Ms Williamson challenged that conclusion. She made three points. First, she said that anyone who took the view that Mr Macpherson’s evidence was not credible had to explain why Mr Wise pressed for and eventually took a legal charge which he took to his solicitors. She said that Mr Wise does not answer that challenge. But in my judgment the evidence does meet the challenge. Mr Macpherson and Mr Wise had (it is now common ground) informally and without creating a legal bargain, agreed in January 2010 that Mr Macpherson should be offered a further opportunity to pay the debt. As the email of 3 March which Mr Macpherson sent to Mr Wise makes clear, Mr Macpherson expected to complete the sale or alternatively obtain other funding to repay the debt by the end of March 2010. The legal charge is readily explicable as supporting a further opportunity for him to pay the debt within that time scale. When he failed to do so, on the very next day, Mr Wise issued his statutory demand. These events seem to me to undermine the criticism that there is no explanation for the legal charge other than a legally binding agreement to postpone repayment indefinitely.
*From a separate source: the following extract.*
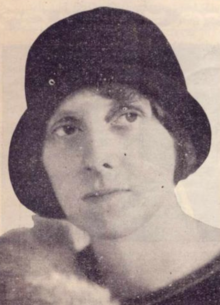 A white woman wearing a dark cloche-style hat, with the front of the brim folded upward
The second point made by Ms Williamson was that the district judge’s analysis overlooks the informality of arrangements between Mr Macpherson and Mr Wise. But this it seems to me, places a hurdle in the way of Mr Macpherson rather than Mr Wise. If informality is the characteristic of the relationship and if there was an informal but non-binding agreement in January 2010, it is Mr Macpherson who faces the difficulty of saying that there was in fact a subsequent formal legally binding relationship. What was it that caused the change from informal arrangements between friends to a legal binding bargain of the sort which Mr Macpherson asserts?
The third point that Ms Williamson made was that the district judge’s incredulity overlooks the fact that Wells House was already on the market. In fact, the evidence is somewhat obscure as to the date on which Wells House went on the market (although of course it lay within Mr Macpherson’s power to make everything crystal clear). All one knows for sure is that when he made his witness statement in April 2010, it was then currently on the market. On may (by a process of teasing the text) read out that sometime before March 2010 the property was put on the market. But it is not possible to conclude that it was on the market in January 2010. Even if it was, there is no evidence to suggest the perceived imminence of a sale. More than one year on, the property is not sold: there is interest at a price of £2.7 million (although there is a problem over funding the purchase). So the state of the evidence did not demonstrate an imminent sale in January 2010. I do not think that even if the property had already been on the market, that would have disentitled the district judge from reaching the legal conclusion that the evidence from Mr Macpherson was incredible.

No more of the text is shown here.